Short web captions:
+ + + + + + +
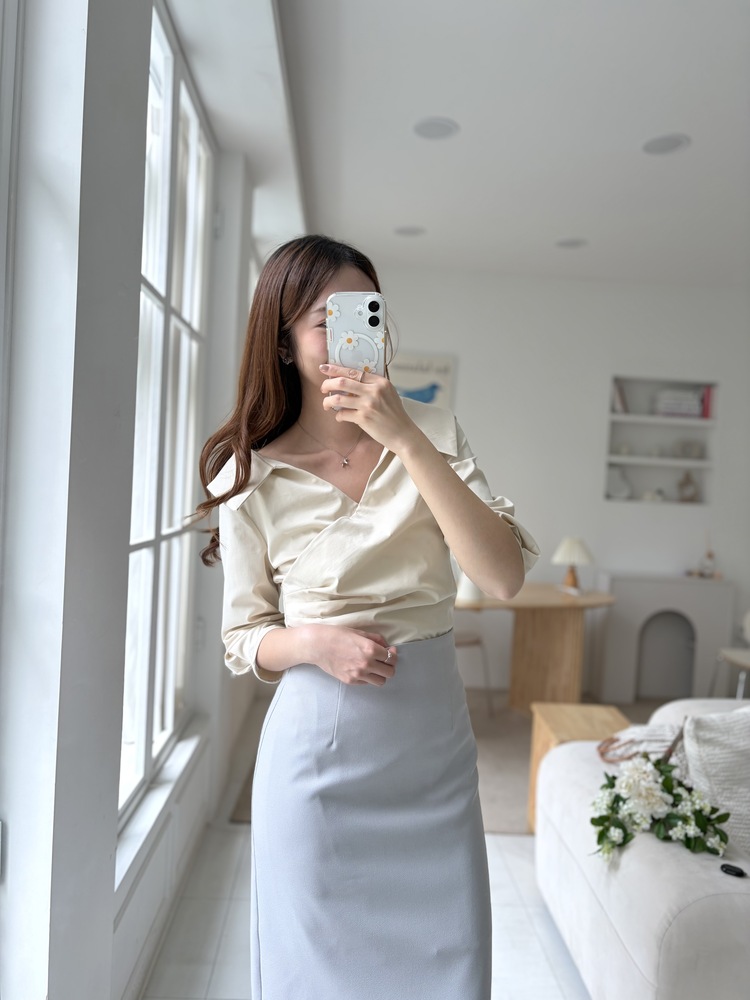 Camelia Wrap Collar Blouse (Cream)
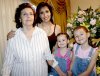 26042007
La señora Ofelia acompañada de su hija Martha Castro de Llama y de sus nietas Martha Elena y  Marijose.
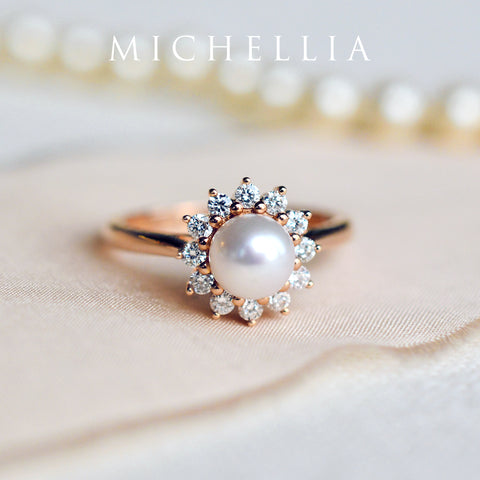 [Rosalie] Vintage Bloom Earrings in Akoya Pearl Earrings michelliafinejewelry   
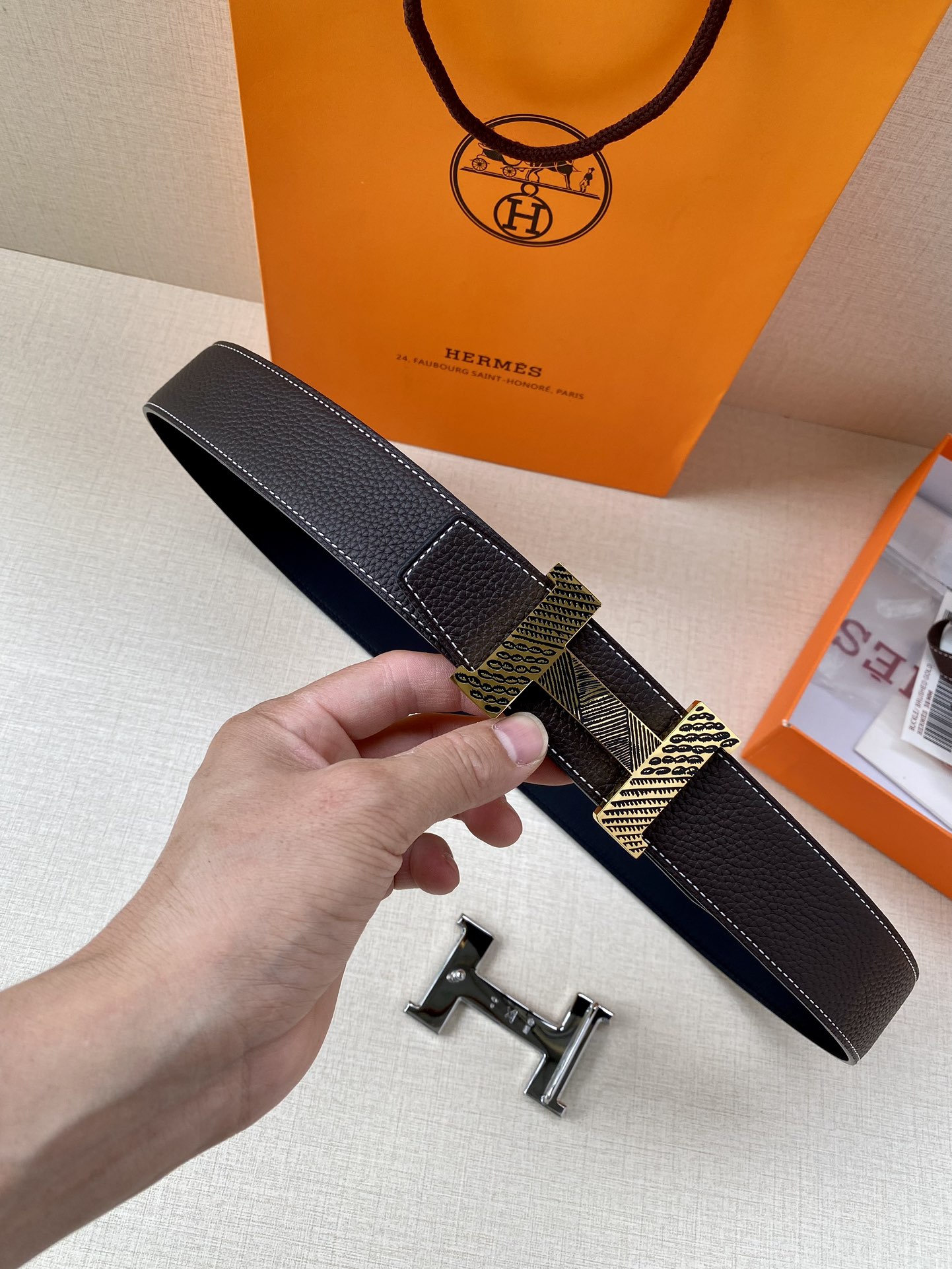 爱马仕Hermes官网同步采用Box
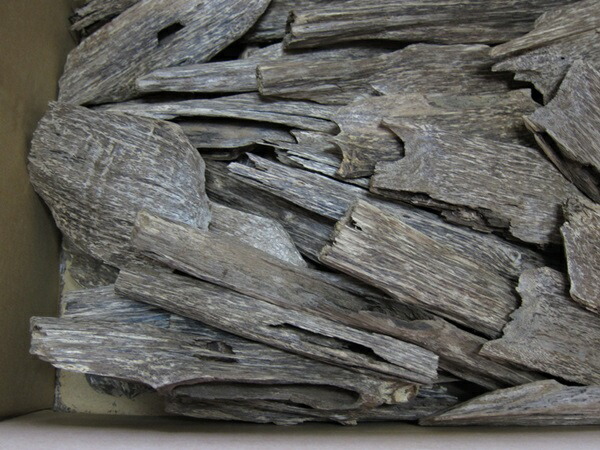 楽天市場】ベトナム産高級沈香 100g量り売り【中高ランク】栽培 沈水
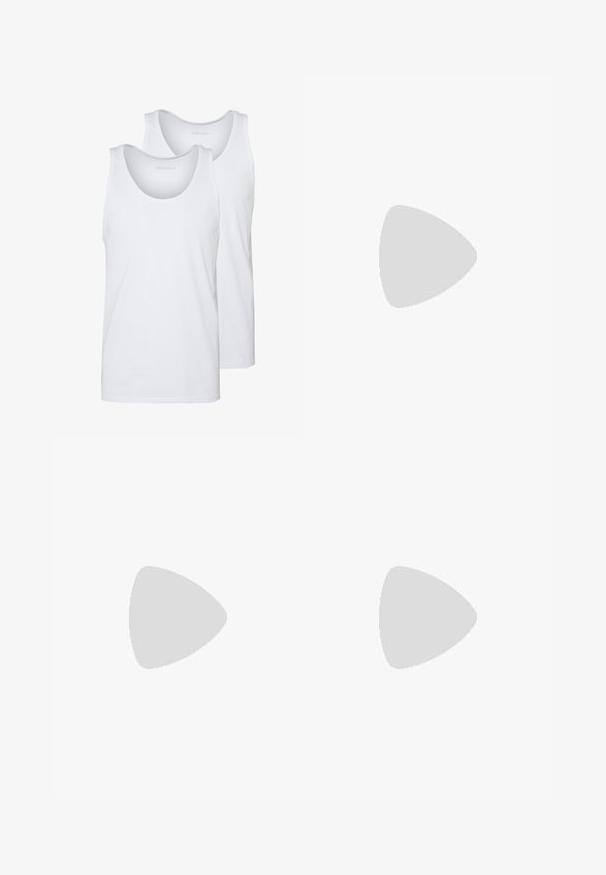 Weiße Baumwoll-Tanktops mit runden Ausschnitten und glatter Textur. Zwei Stücke ausgestellt, beschriftet mit "PIER ONE."; Beige Chinos aus Baumwolle mit geradem Bein, Fronttaschen und einem einzelnen Knopfverschluss an der Taille.; Schwarze High-Top-Sneaker mit weißer Sohle und Schnürsenkeln, kombiniert mit lockeren blauen Jeans, die auf einem grauen Geländer ruhen.; Schwarze Plastiksonnenbrille mit grünen Gläsern, quadratischen Rahmen, silbernem Akzent auf der Augenbraue und strukturierten Bügeln. Angegebene Marke auf dem inneren Bügel.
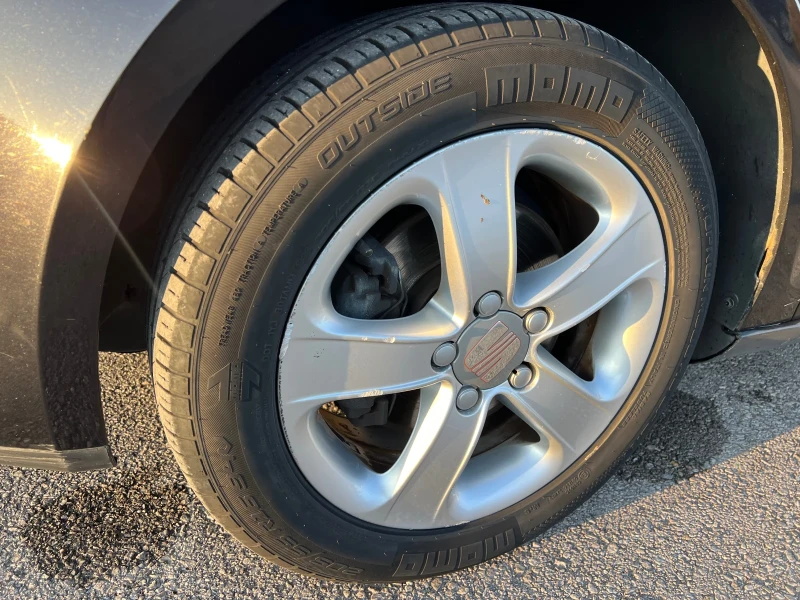 Seat Altea XL 1.9TDI, снимка 13 - Автомобили и джипове - 52776573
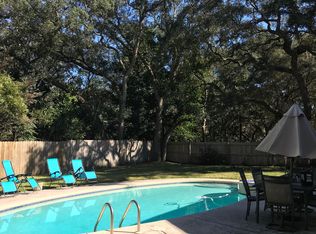 33 Japonica Ln, Shalimar, FL 32579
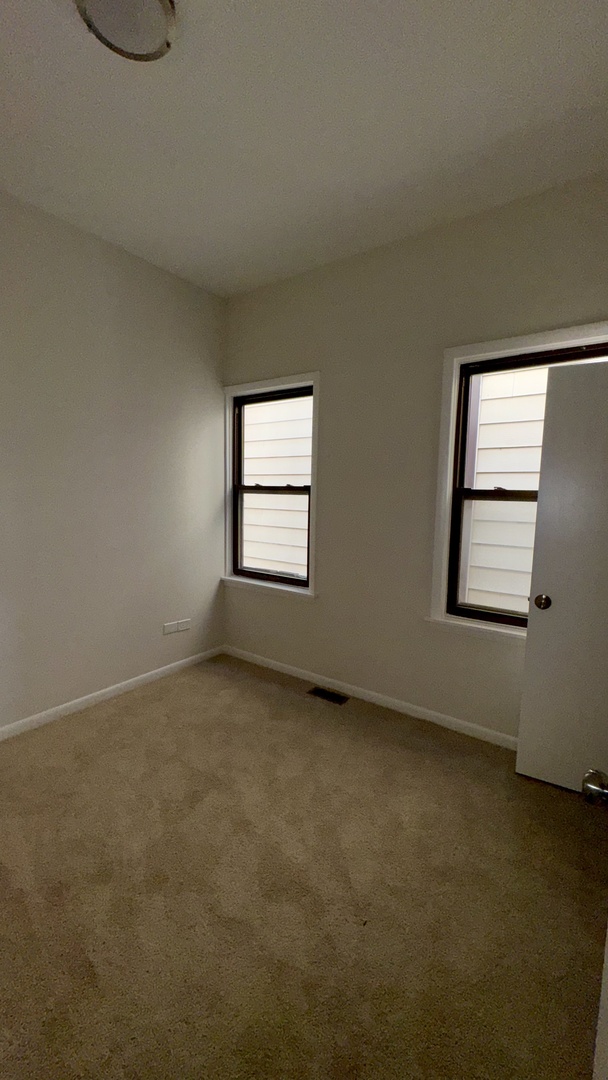 5344 S Carpenter Street Property Photo 6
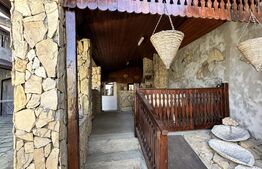 Casă spațioasă într-o zonă liniștită – curte amenajată cu filigorie, piscină.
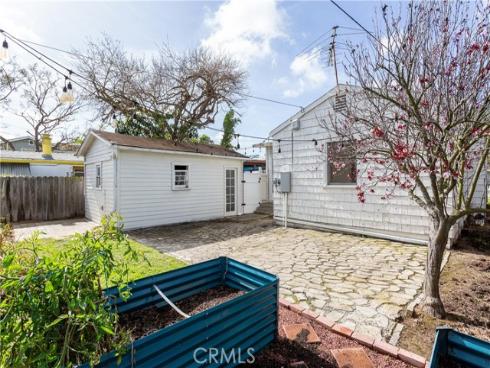 264 Walnut Street, Costa Mesa, CA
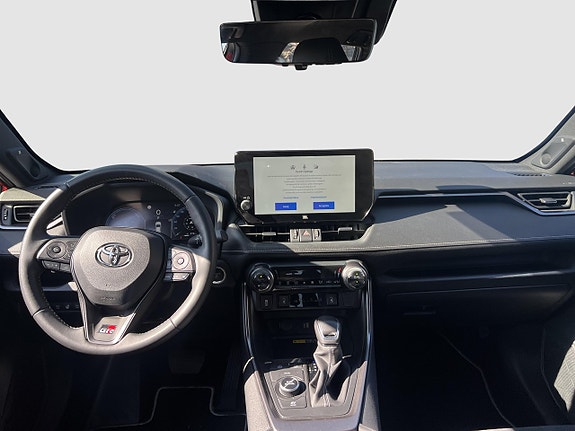 Toyota RAV4 7 of 13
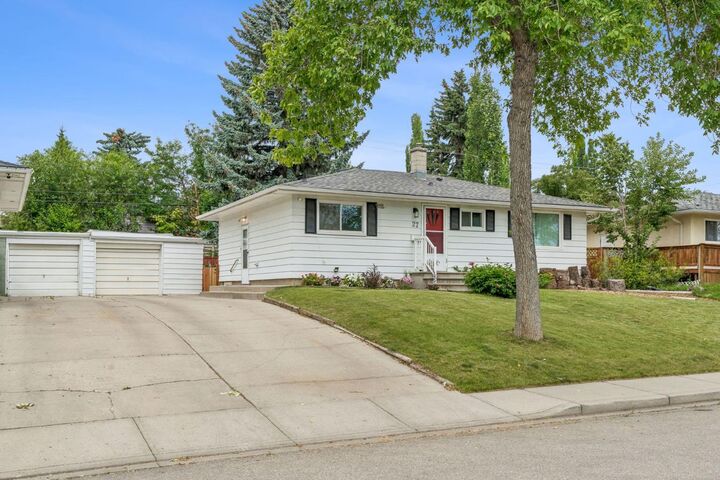 27 Heston Street NW — photo 1
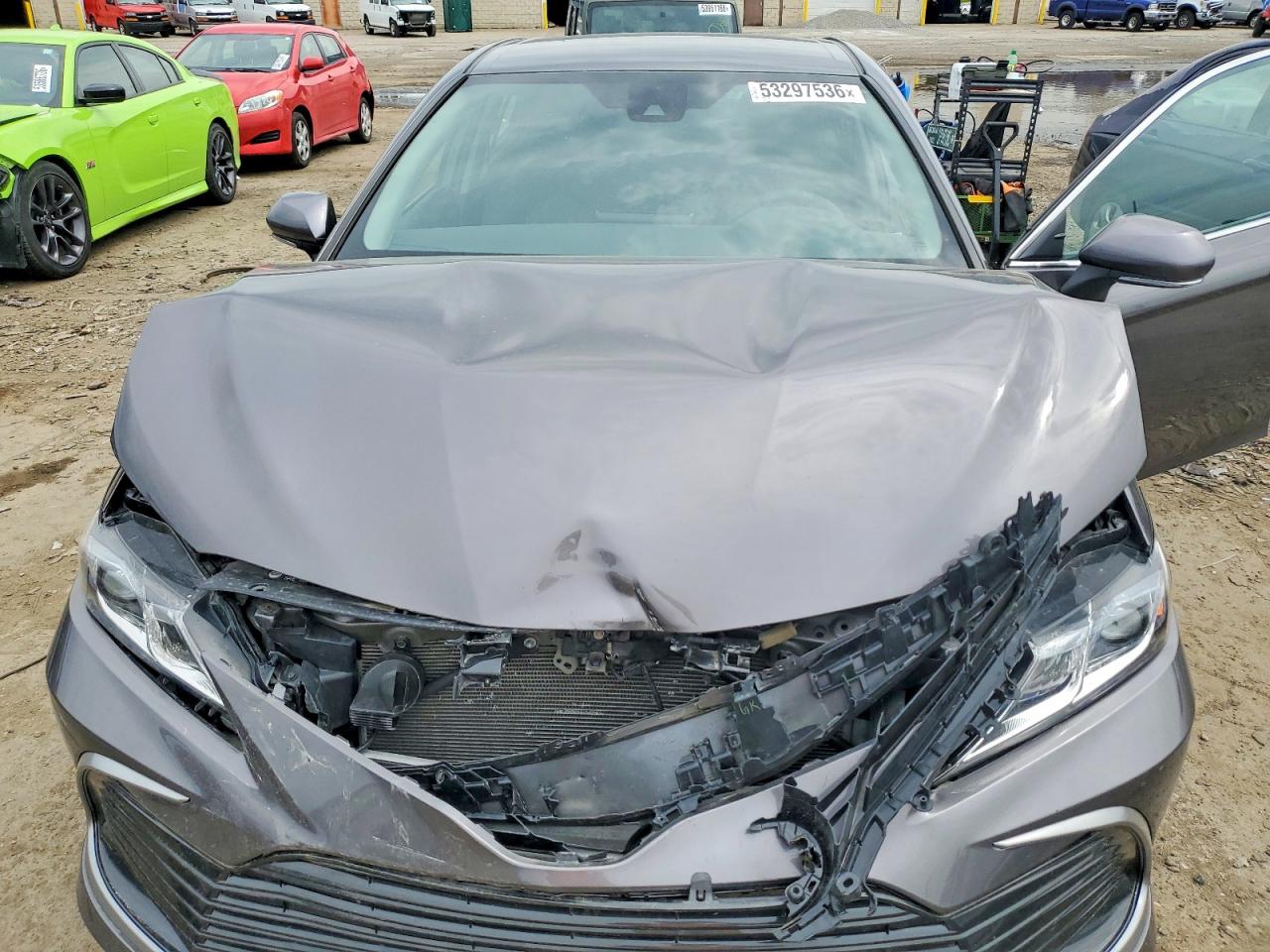 2023 TOYOTA CAMRY LE photo 21
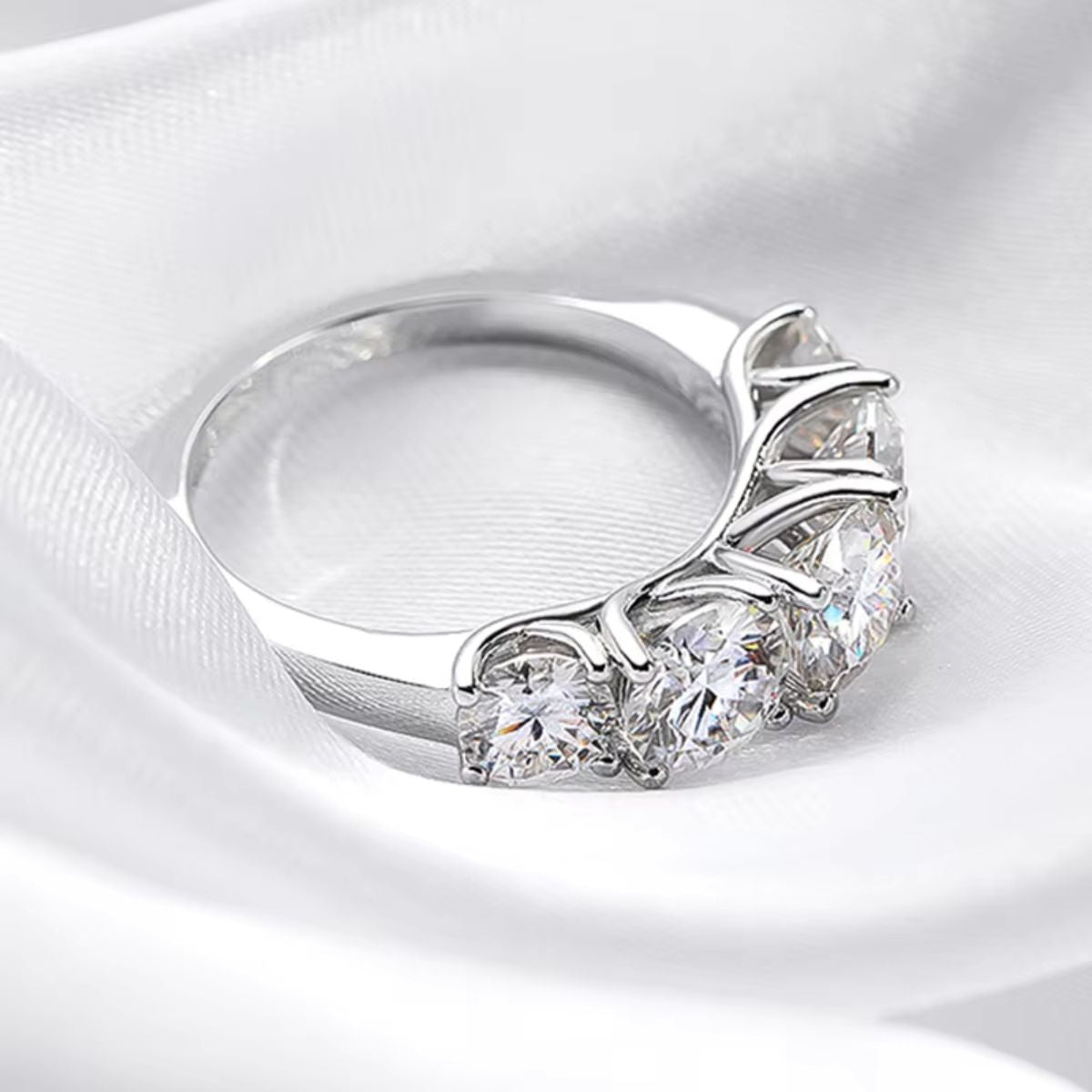 Quintessa Moissanite Band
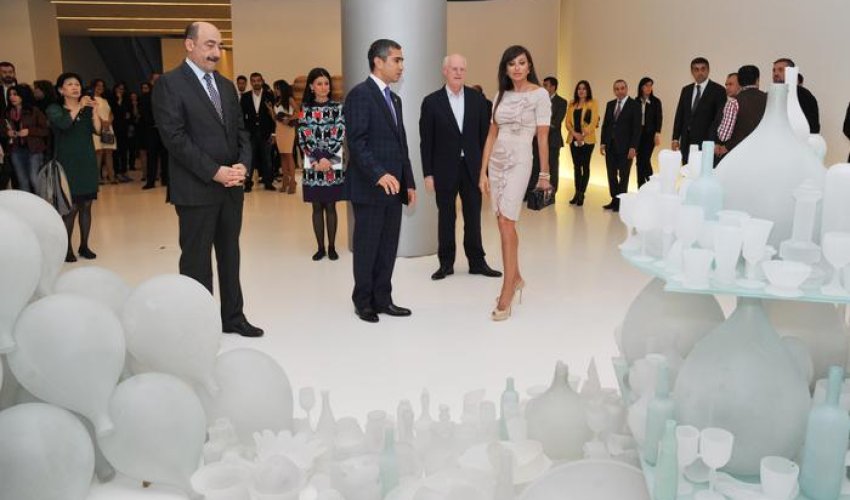 Mehriban Əliyeva britaniyalı heykəltəraşın sərgisində - FOTOLAR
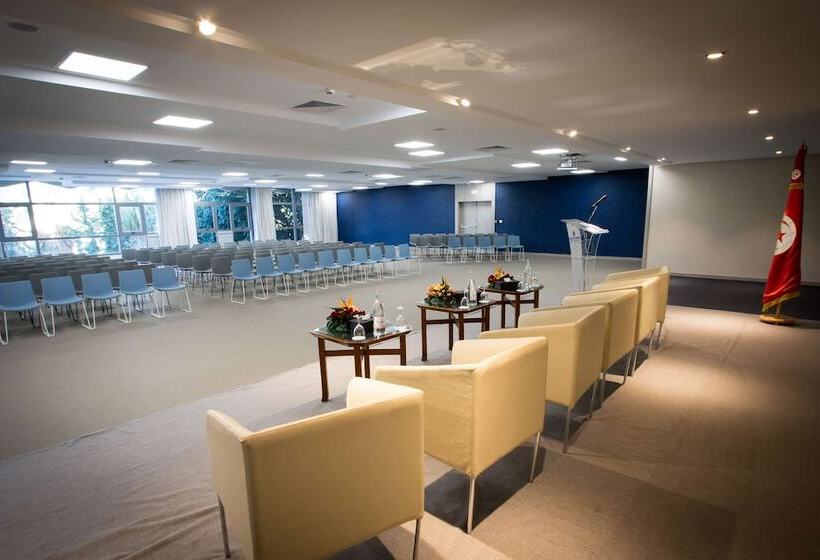 هتل Golden Tulip El Mechtel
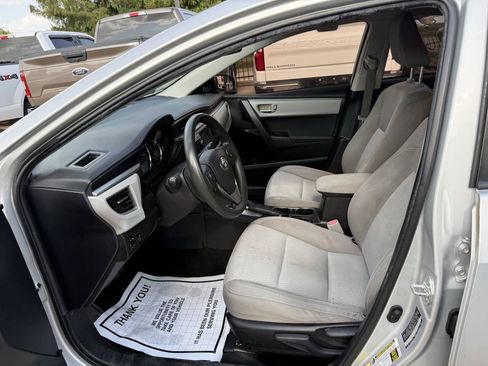 Used 2016 Toyota Corolla LE FWD image 7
+ + + + + + +
▶ **Required work**
Copy exactly the lines that run from the line containing "27 Heston Street NW — photo 1" to the end of the data, keeping both end lines and dropping every picture.

▶ **The answer**
 27 Heston Street NW — photo 1
 2023 TOYOTA CAMRY LE photo 21
 Quintessa Moissanite Band
 Mehriban Əliyeva britaniyalı heykəltəraşın sərgisində - FOTOLAR
 هتل Golden Tulip El Mechtel
 Used 2016 Toyota Corolla LE FWD image 7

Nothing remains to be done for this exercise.